Problem requirements: Print exactly the lines from the one that contains "アートポストカード-Songs of Innocence" through the last line of the material, both included, and leave out all pictures.

Given data:
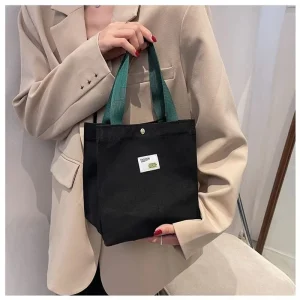 Plain Blank Cotton Canvas Tote Bags Custom Embroidery With Minimum Order Quantity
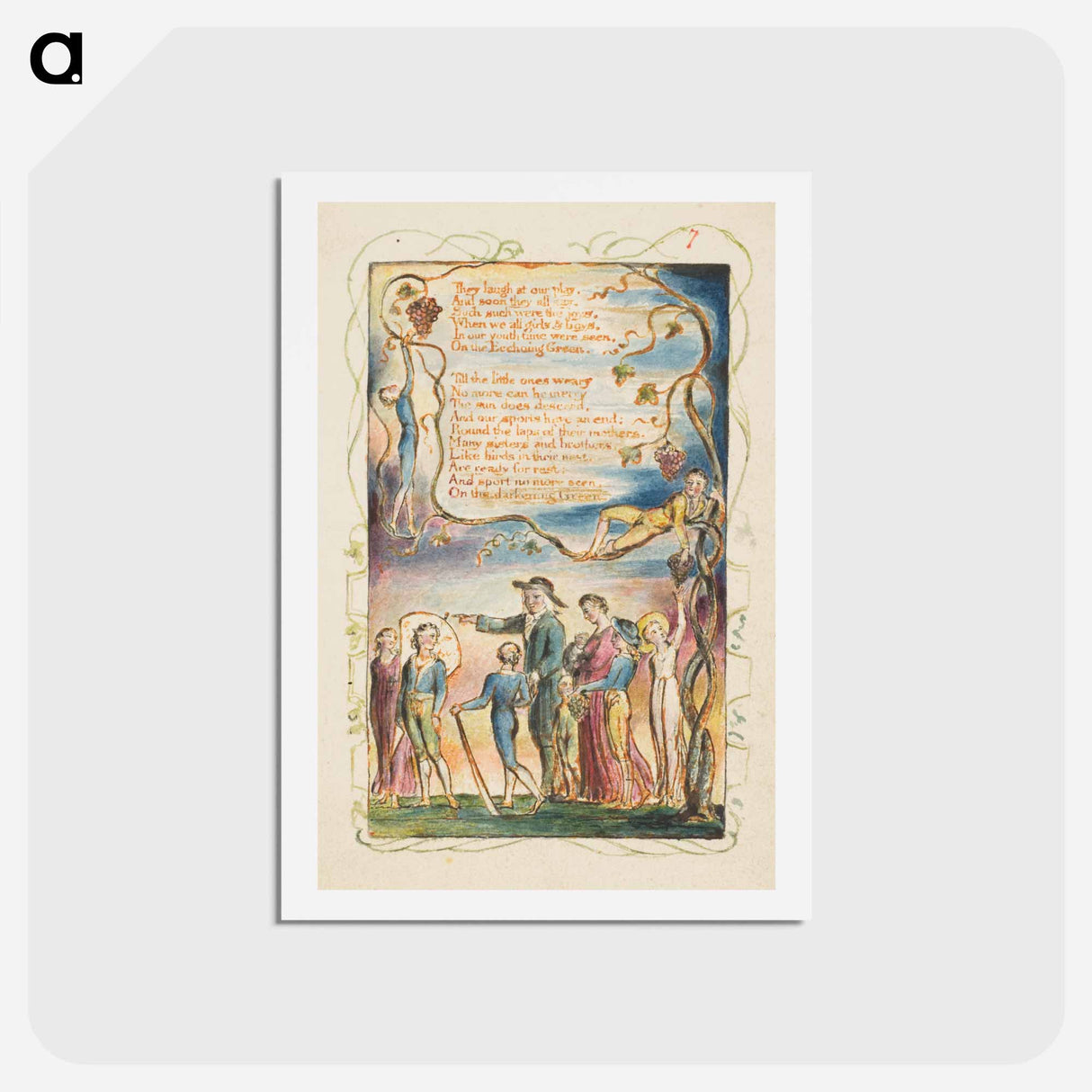アートポストカード-Songs of Innocence and of Experience: The Ecchoing Green (second plate) - ウィリアム ブレイク Postcard.
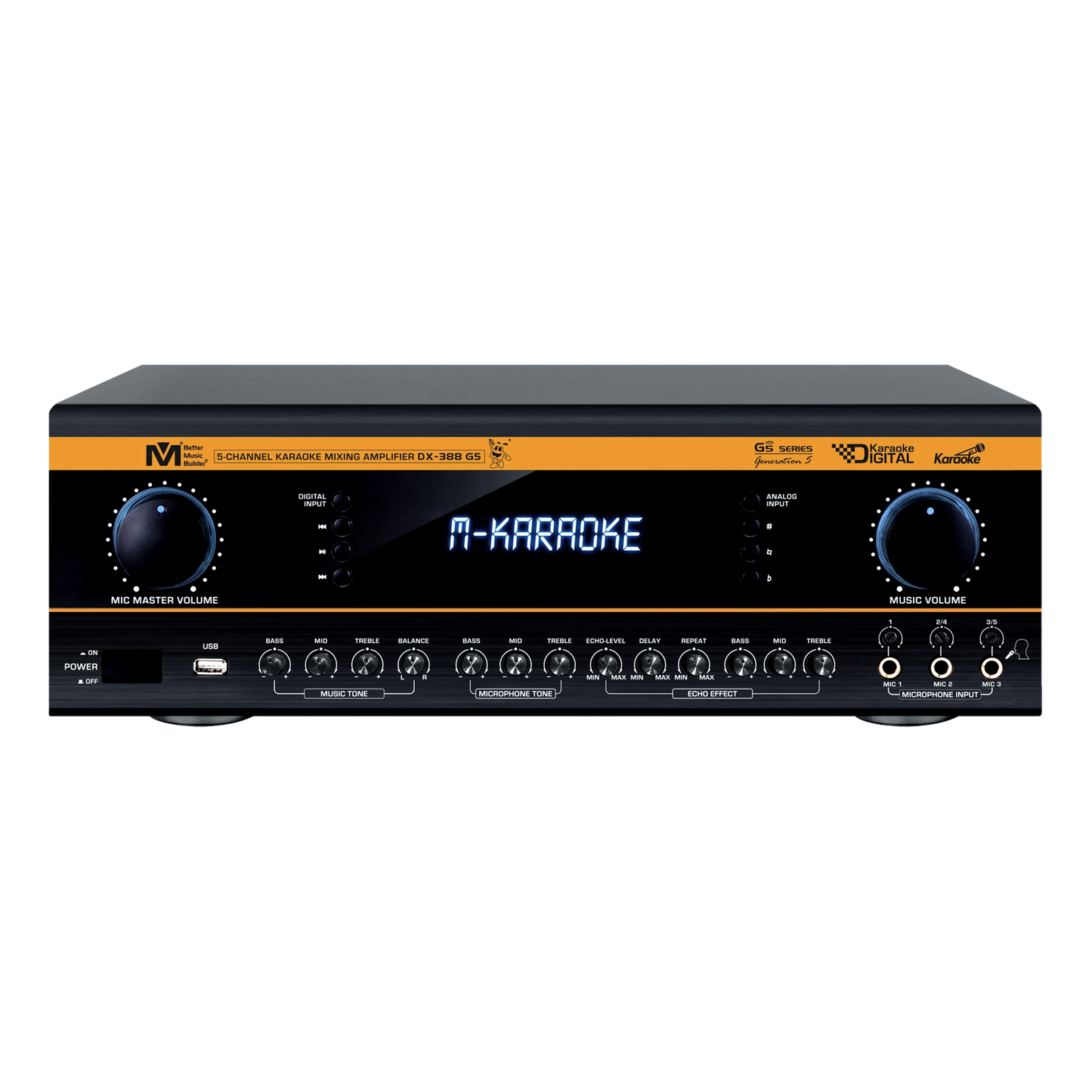 Better Music Builder DX-388 G5 1400W Karaoke Mixing Amplifier Bundle with VM-52 G5 Wireless Microphones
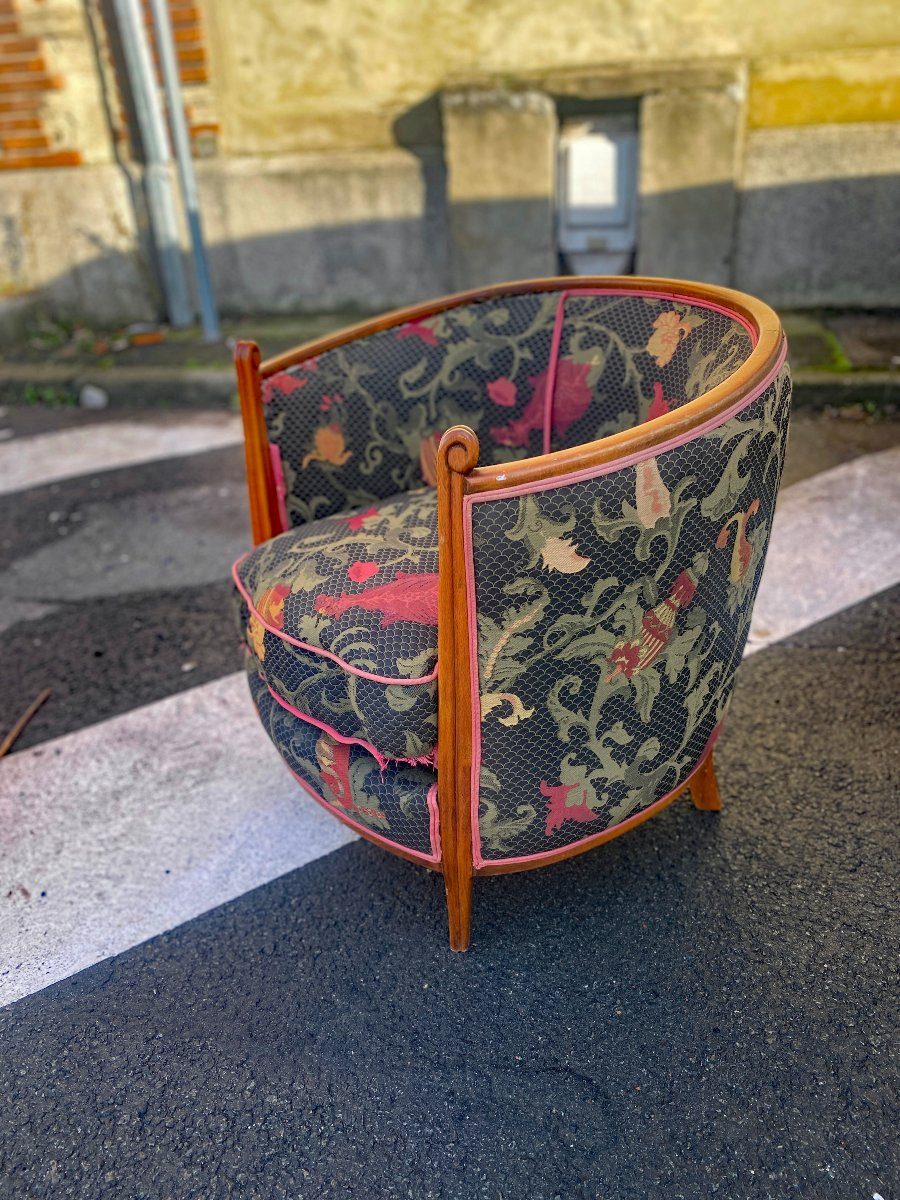 Paire d'originaux  fauteuils corbeille art deco circa 1920/1930-photo-2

Solution:
アートポストカード-Songs of Innocence and of Experience: The Ecchoing Green (second plate) - ウィリアム ブレイク Postcard.
 Better Music Builder DX-388 G5 1400W Karaoke Mixing Amplifier Bundle with VM-52 G5 Wireless Microphones
 Paire d'originaux  fauteuils corbeille art deco circa 1920/1930-photo-2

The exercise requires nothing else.